*** Opening of AVAILABLE DATA ***

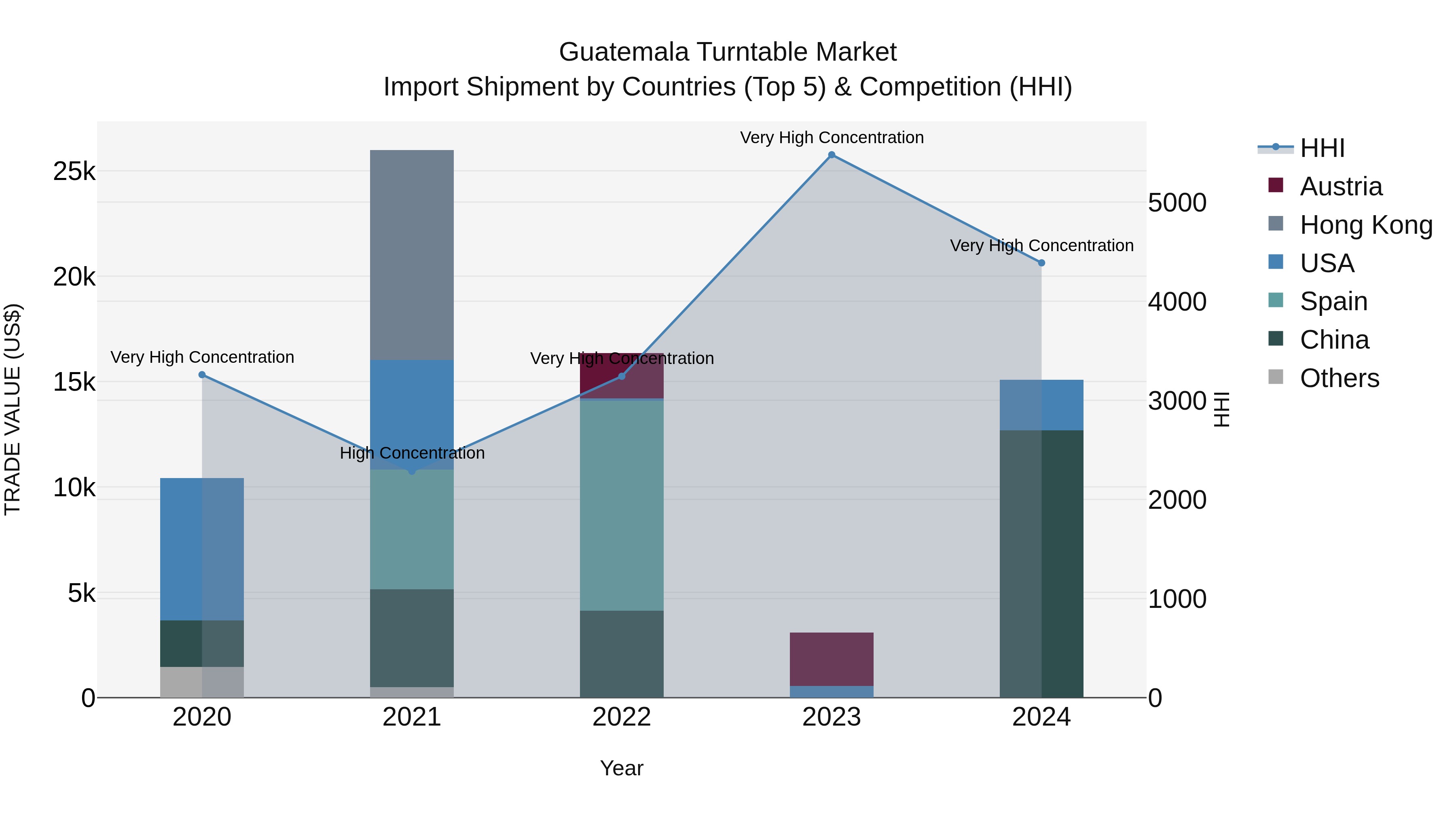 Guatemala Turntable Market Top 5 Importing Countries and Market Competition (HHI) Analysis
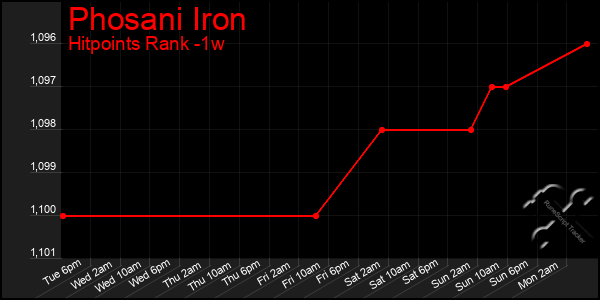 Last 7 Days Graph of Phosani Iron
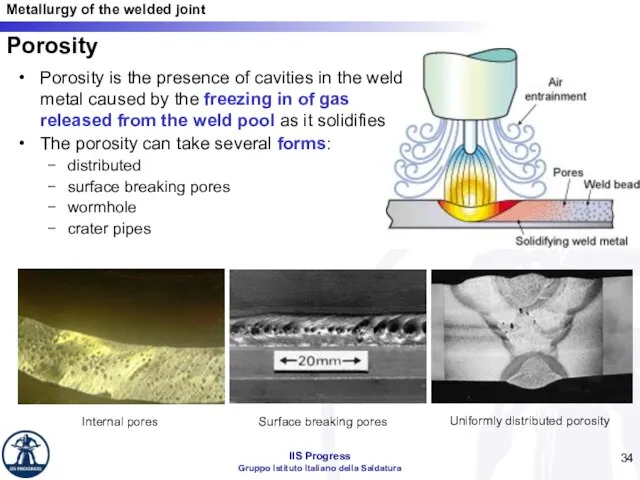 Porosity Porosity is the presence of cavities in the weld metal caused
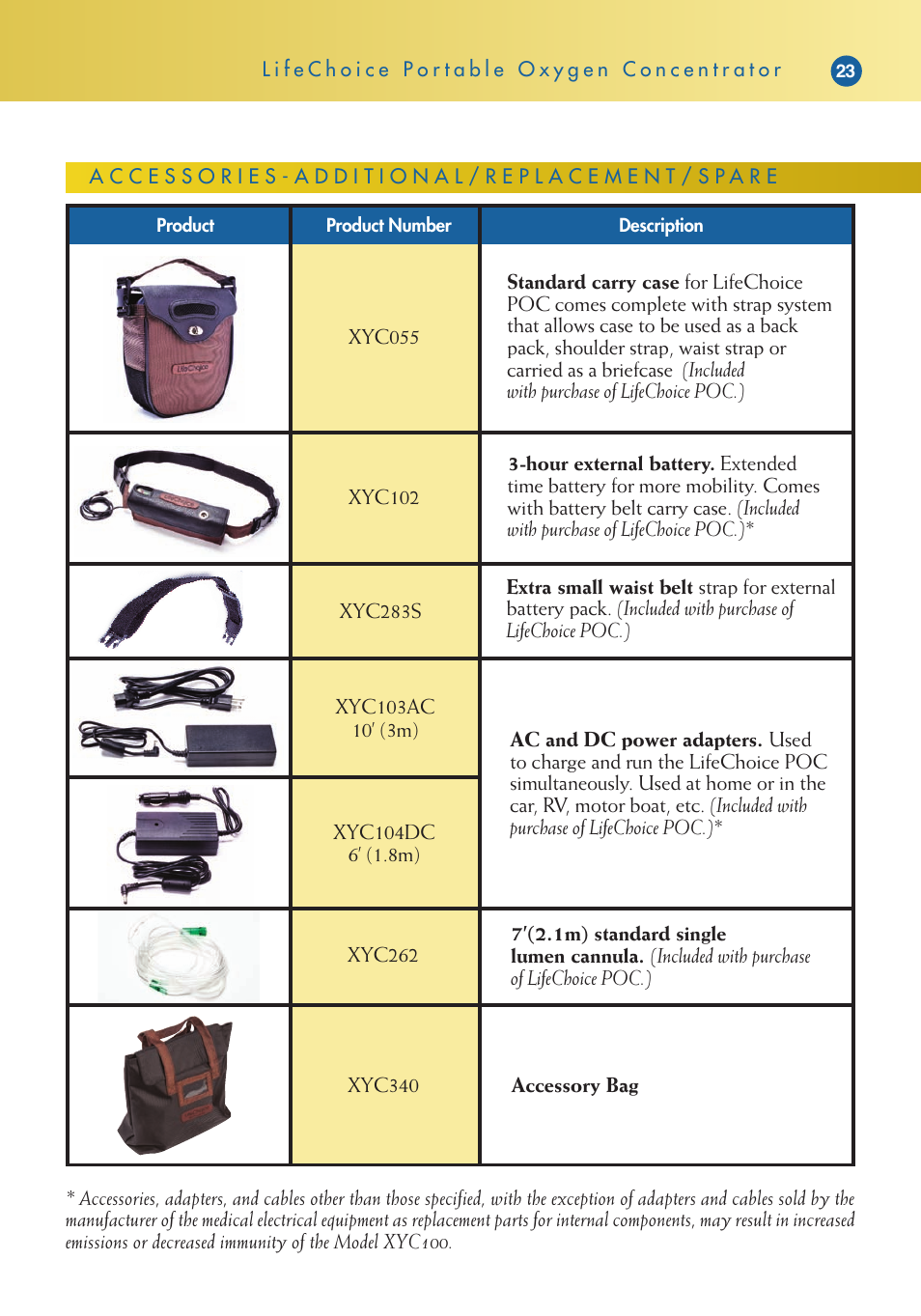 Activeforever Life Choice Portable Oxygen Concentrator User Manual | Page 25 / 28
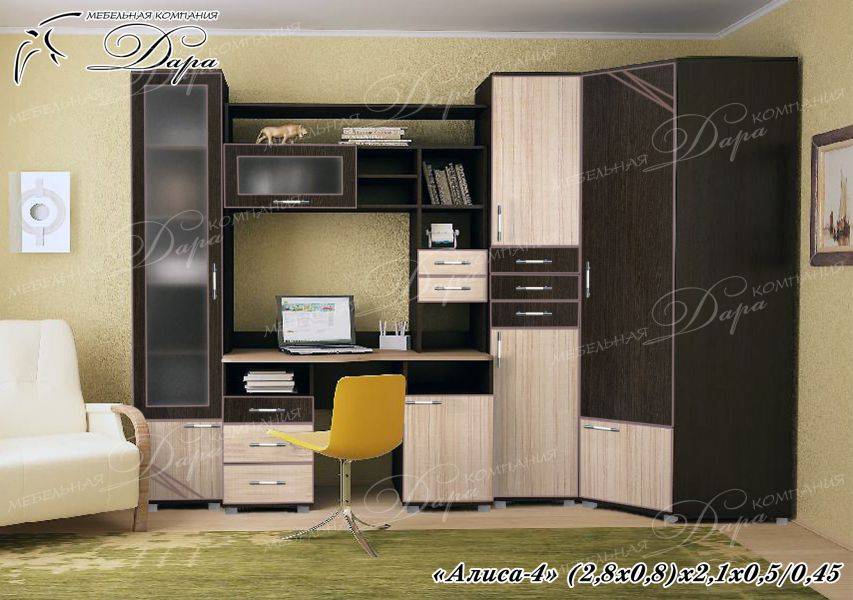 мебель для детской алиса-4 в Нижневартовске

*** Close of AVAILABLE DATA ***

=== YOUR ASSIGNMENT ===
Every picture stays out; reproduce exactly the lines from the one with "Porosity Porosity is" through the last line of the data above.

=== REPLY TO THE TASK ===
 Porosity Porosity is the presence of cavities in the weld metal caused
 Activeforever Life Choice Portable Oxygen Concentrator User Manual | Page 25 / 28
 мебель для детской алиса-4 в Нижневартовске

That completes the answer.